───── DATA SHOWN ─────
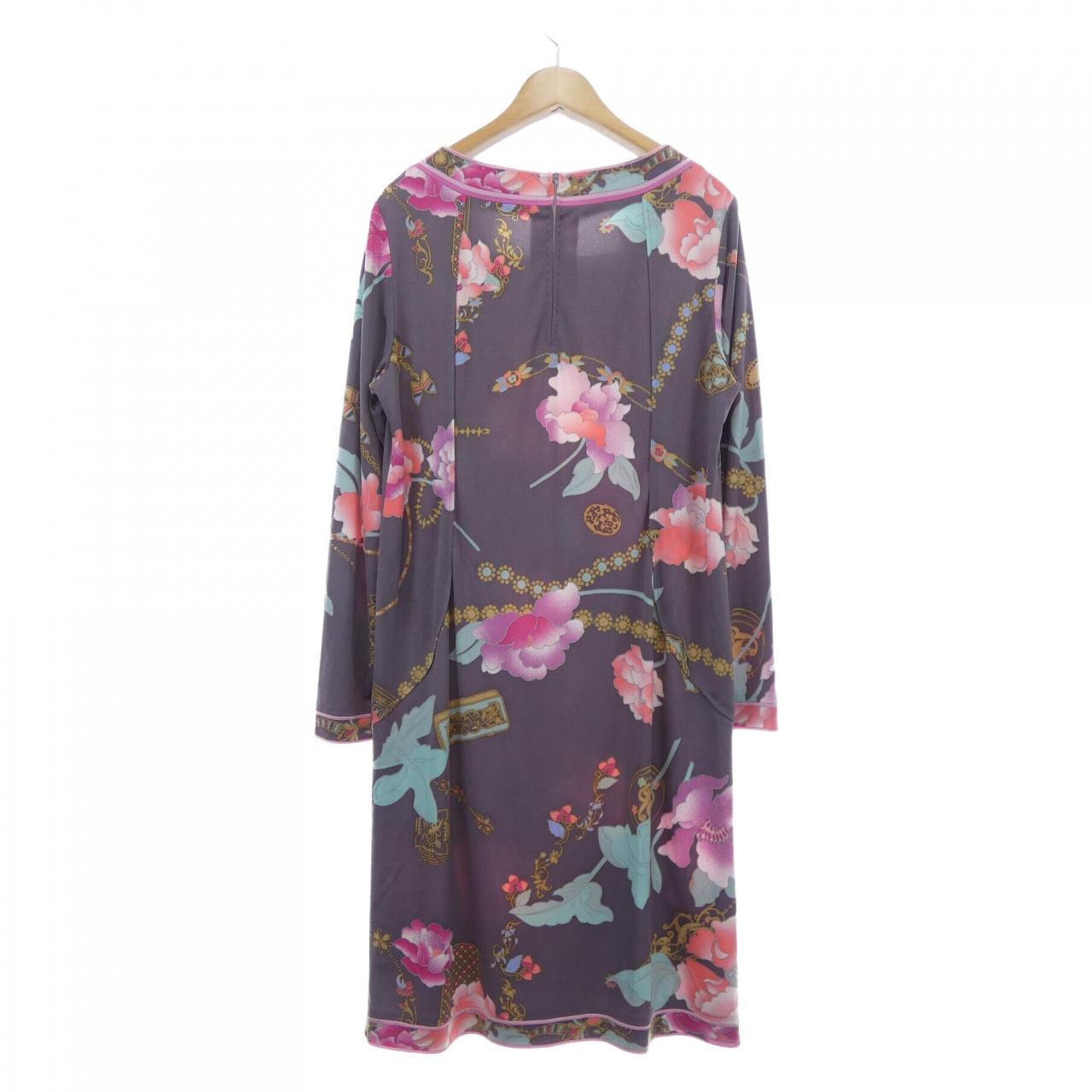 レオナールファッション LEONARD FASHION ワンピース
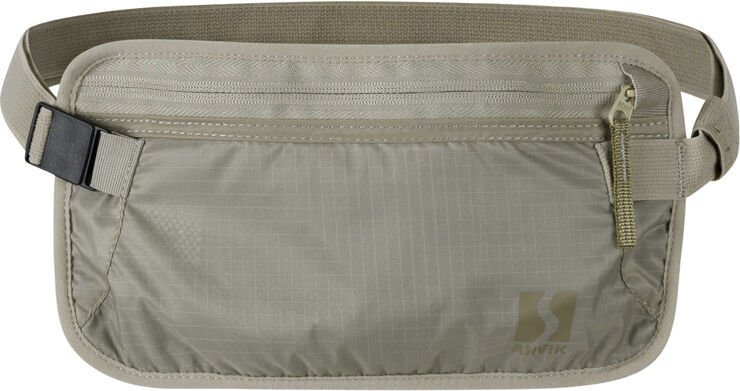 Asivik Asivik Waist Wallet Hvid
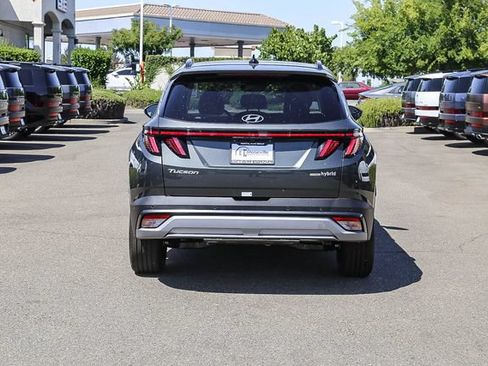 New 2026 Hyundai Tucson Limited AWD/4WD image 4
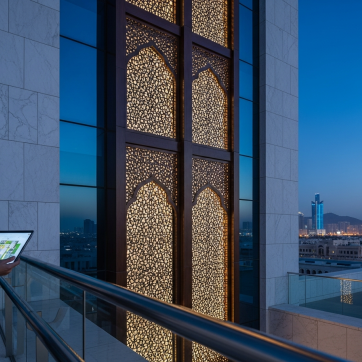 Key Real Estate Developments in the Sultanate of Oman Yesterday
─────
_WHAT YOU HAVE TO DO_
Copy the line showing "Asivik Asivik Waist Wallet Hvid" exactly, along with each line after it through the end of the material above. Pictures stay out.

_YOUR RESPONSE_
 Asivik Asivik Waist Wallet Hvid
 New 2026 Hyundai Tucson Limited AWD/4WD image 4
 Key Real Estate Developments in the Sultanate of Oman Yesterday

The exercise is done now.